Almeida e Passini (2006), Castellar e Vilhena (2010), Castrogiovanni, Callai e
Kaercher (2008), Daminani (2008), Filizola (2009), Klimeck (2007), Vasconcelos
(2009), Weisz e Sanches (2002) são exemplos de autores que se propõem a discutir
as várias nuances existentes no processo de ensino da Geografia.

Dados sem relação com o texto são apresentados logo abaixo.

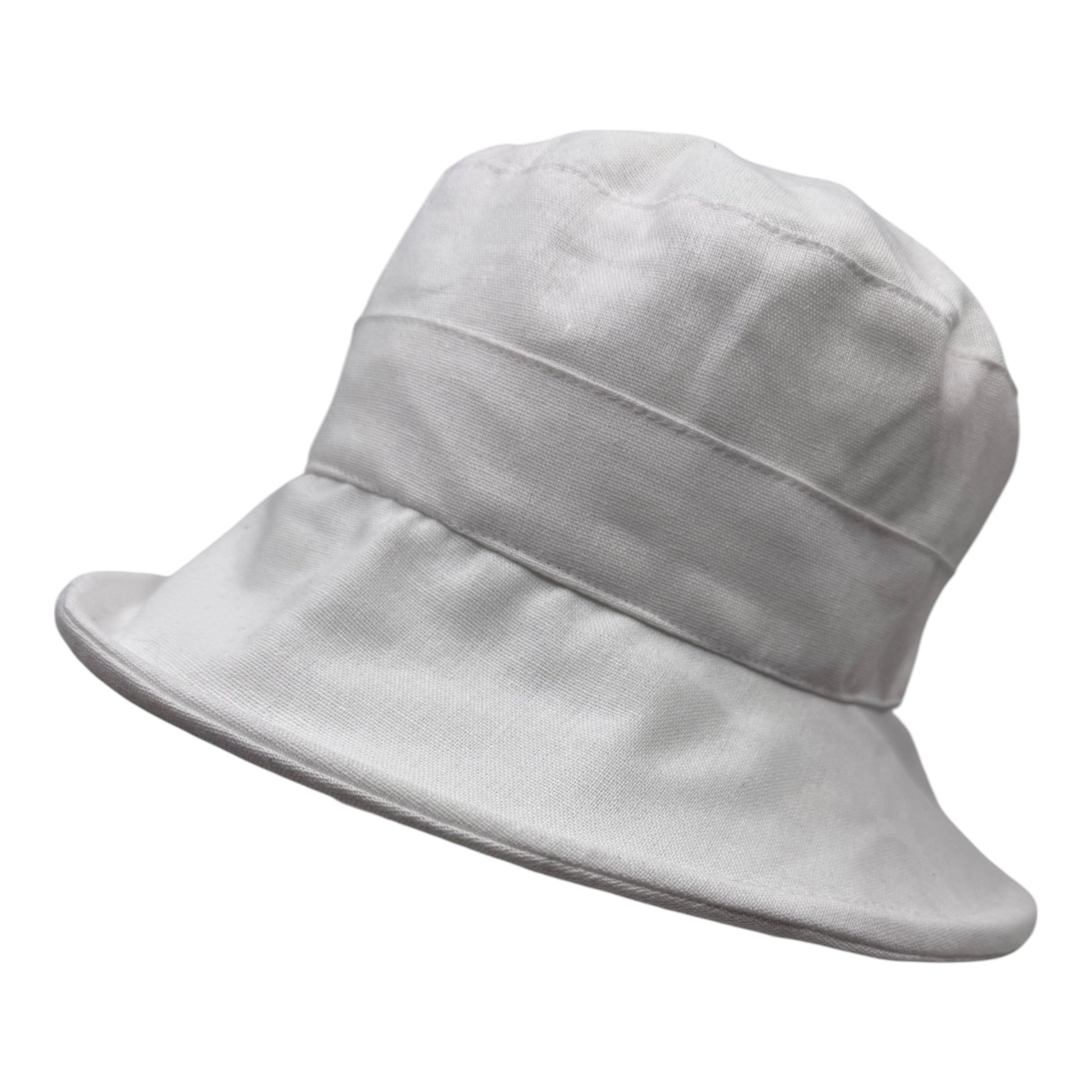 Chapeau en lin à large bord, fait à la main à Montréal par Geneviève Dostaler, avec protection solaire UV50+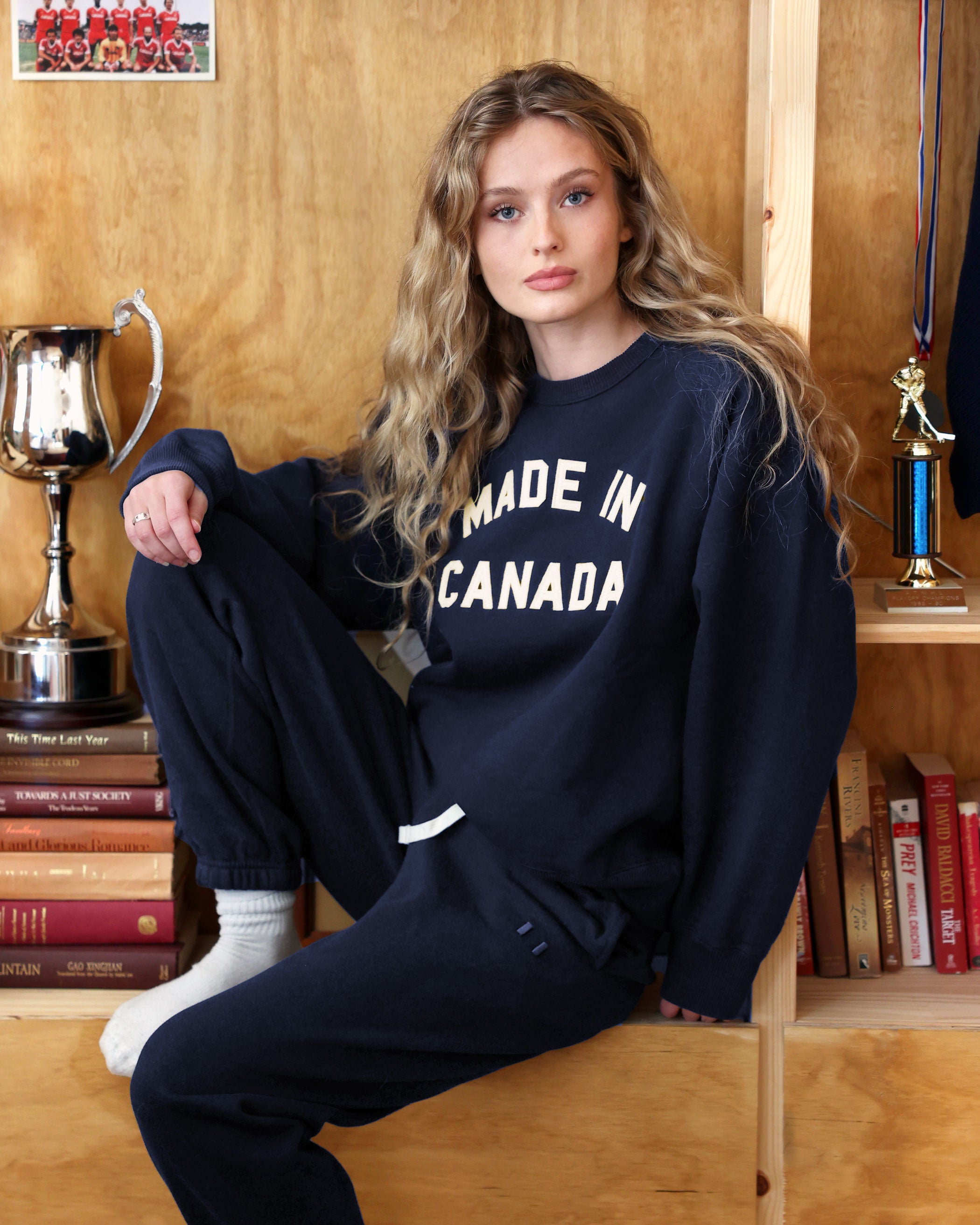 100% Cotton Fleece Made in Canada Sweatshirt Navy - Unisex - Province of Canada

Ancorados nos escritos dos autores supracitados, entende-se que, pensar o
ensino de Geografia é ir além da sala de aula (do espaço físico), da transposição de
conteúdos preestabelecidos nos manuais didáticos (livros), da memorização de
espaços e suas respectivas nomenclaturas. Acredita-se que, o ensino de Geografia,
para ser e fazer sentido, deve estar envolto por atitudes e procedimentos que lhes
dêem significado (ANTUNES, 2008.
Nesse contexto, ações simples, como a observação de acontecimentos,
fenômenos e elementos presentes na realidade, quando associados aos conceitos
da ciência geográfica, como, por exemplo, a paisagem3, é possível correlacionar a
vivência dos alunos aos saberes sistematizados, proporcionando uma aprendizagem
significativa aos mesmos, e sendo possível estruturar determinados saberes
geográficos.
Assim, centrado no olhar e na percepção dos alunos do Ensino Fundamental,
Séries Finais, do Instituto Sonho Colorido, Mossoró, Rio Grande do Norte (RN), esse
trabalho desenvolveu experiências de apreensão da realidade urbana da Cidade de
Mossoró, por parte dos referidos alunos, em seu percurso entre a casa e a escola. O
principal objetivo desse trabalho foi demonstrar a capacidade de apreensão e
elaboração de conteúdos por parte dos discentes na Educação Geográfica,
aportando tais apreensões em teoria que dê suporte à construção deste
conhecimento.
3 Entendido com um dos conceitos fundantes da geografia, que tem como uma das suas formas de
apreensão, o olhar, a simples observação do espaço, apesar de poder ser apreendida igualmente por outros sentidos humanos.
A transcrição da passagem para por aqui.